9:30-11:30am Panel 1 Reconsidering Independent Film Festivals and Grassroot Exhibition in China since 2001
Chair: Sabrina Qiong Yu
Panellists: Zhu Rikun, Cao Kai, Feng Yu, Wu Man, Zhang Yaxuan, Wang Xiaolu
CAO Kai, practitioner and researcher of contemporary art and film. He lives and works in Nanjing, China. Since 1994, he has been involved in the field of contemporary art, mainly in the creation, curation, and writing of video art and experimental media art. He has attended numerous contemporary art exhibitions at home and abroad as an artist. Since 2001, he has participated in the Chinese independent film movement and is the main founder and organiser of the China Independent Film Festival (CIFF) (2003-2017). He has also served as curator, academic chair, and juror for numerous art projects in China, and has curated various exhibitions related to Chinese independent cinema and experimental media art overseas. His research and curatorial texts have been published in various academic journals and forums, and in 2019 he started to write the academic column ‘Reflections’.

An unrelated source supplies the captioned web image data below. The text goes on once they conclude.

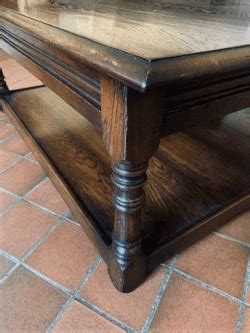 4ft square oak potboard coffee table with four concealed drawersGATEWAY ANTIQUES - WITH STOCK OF ...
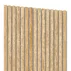 Panou riflaj decorativ/acustic Lameo 3D stejar (fetru gri) 60x60 cm picture - 1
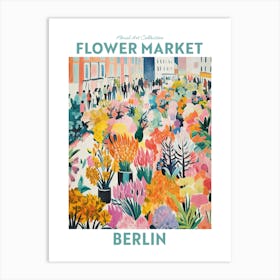 Berlin Germany Flower Market Floral Art Print Travel Print Plant Art Modern Style Art Print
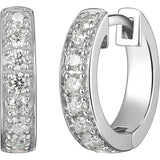 0.50 Carat Lab Grown Diamond Hoop Earrings, 10K, 14K or 18K White Gold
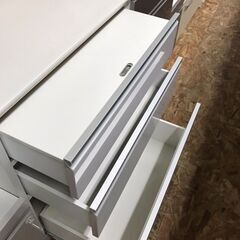 松田家具 幅 117cm キッチンボード レンジボード 食器棚 システムキッチンボード モイス加工 家具 インテリア 家具 収納用品 多目的収納 食器棚 おしゃれ 高級家具 国産品 クリーニング済
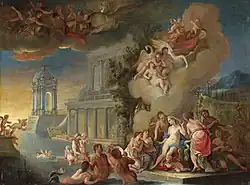 Туалет Венеры. Медь, масло. Частное собрание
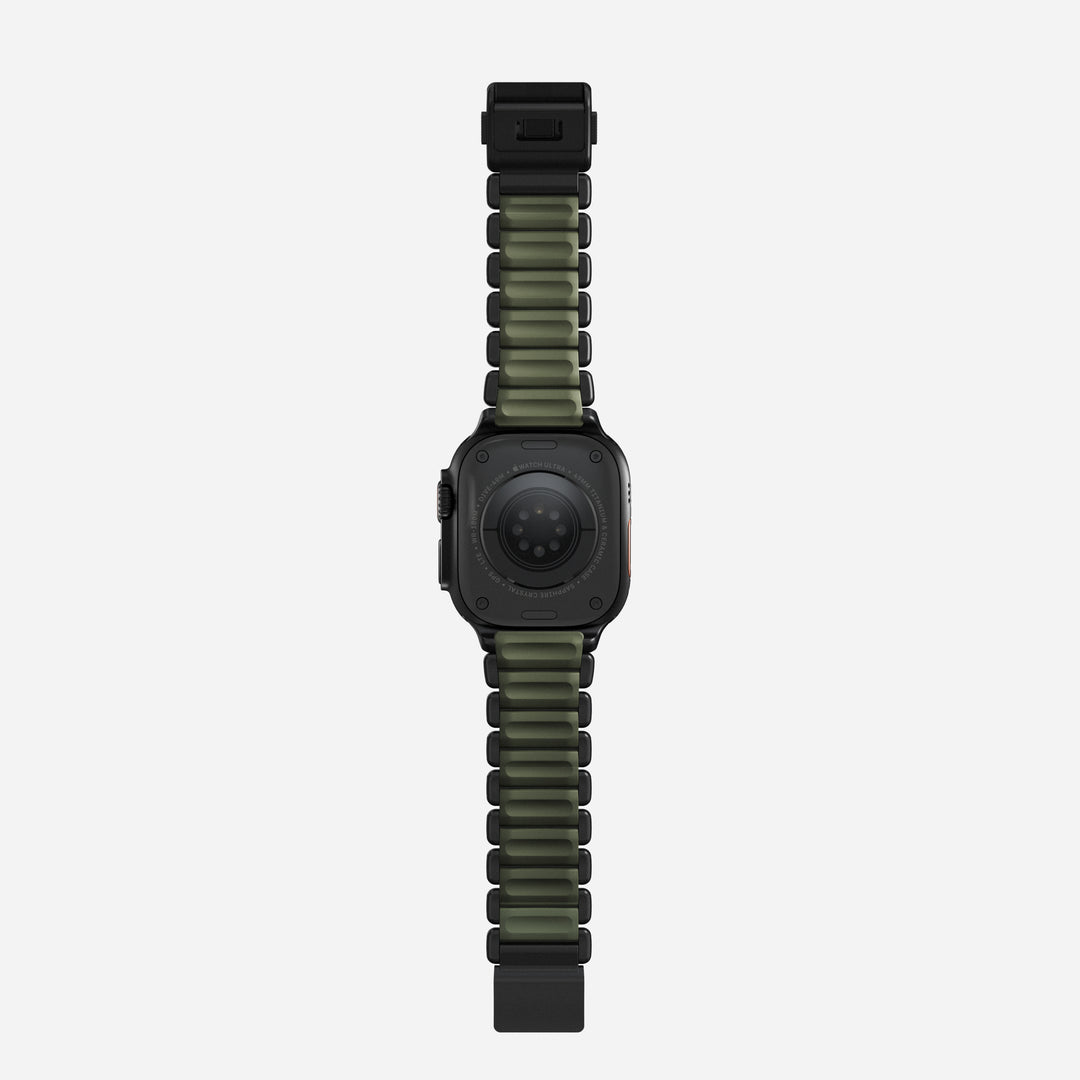 Stratos Band - 49mm | Black Titanium | Forest FKM - Image 11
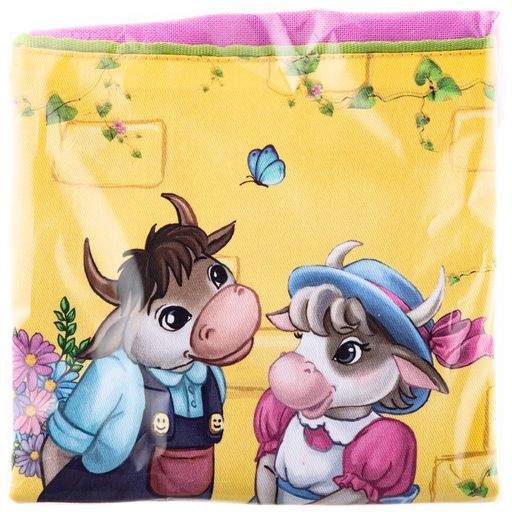 СУМКА СВИДАНИЕ,30Х40СМ,СИРЕНЕВЫЙ, 100% ХЛОПОК, - Santalino фото 3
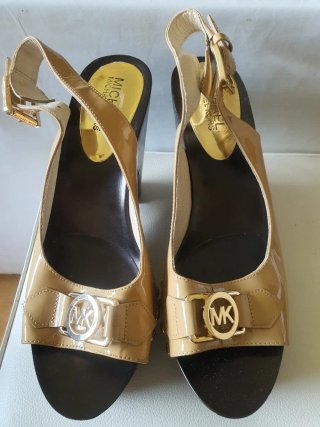 Sandalias Michael Kors Nude/Beige Originales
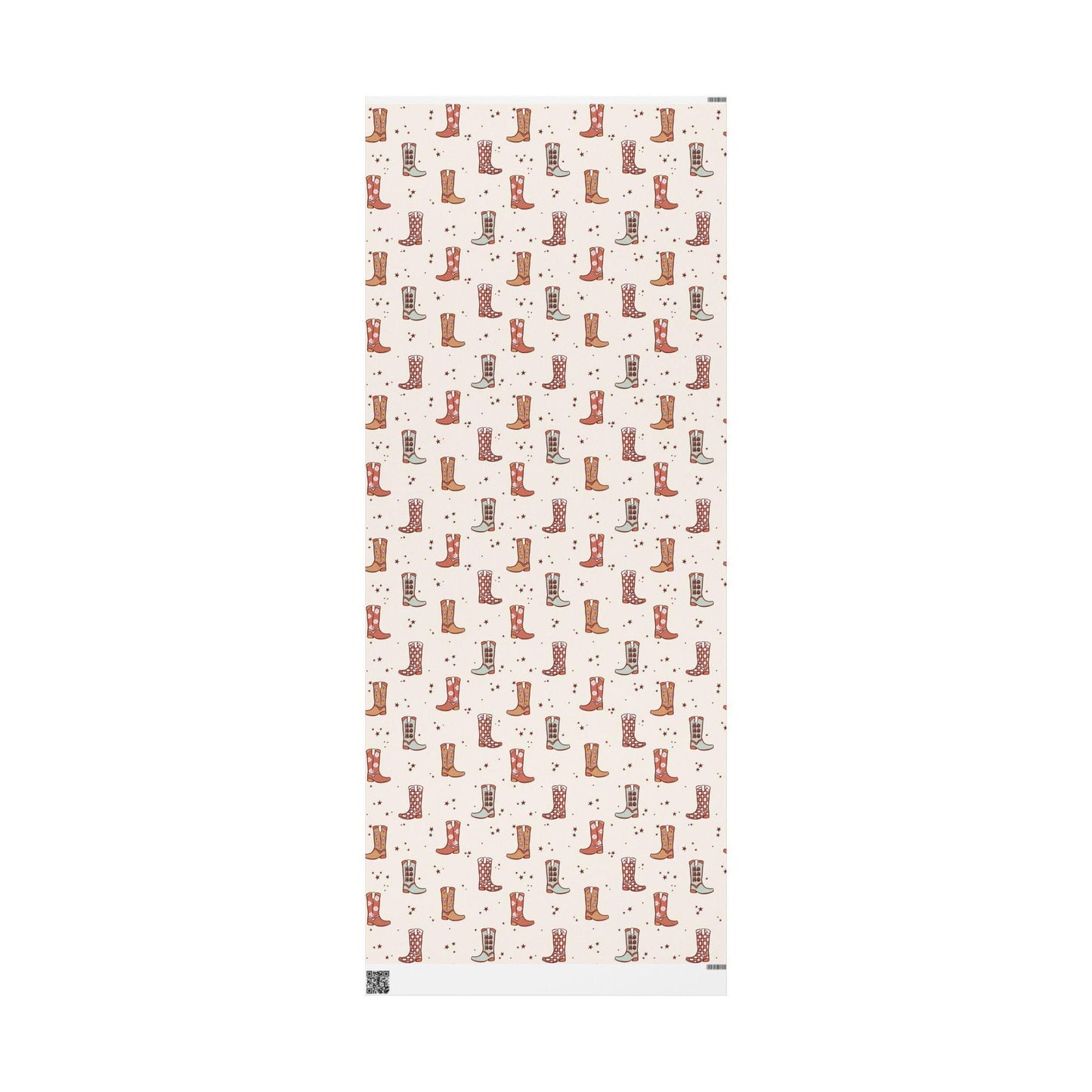 Western Christmas wrapping paper Southwest  Vintage Cowboy Christmas Wrapping Paper Roll, Cowgirl Holiday Gift Wrap with Retro Design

Feng Yu, curator. In 2007, he founded the Cylinder Art Space in Shenzhen, and was engaged in promoting Chinese- language independent films across the Taiwan Straits. In 2018, he was the curator of the 7th Shenzhen-Hong Kong Urban Architecture Biennale. He planned programs beyond screening in normal spaces, expanding to urban ruins, factories, public places, rural ancestral halls, granaries, etc.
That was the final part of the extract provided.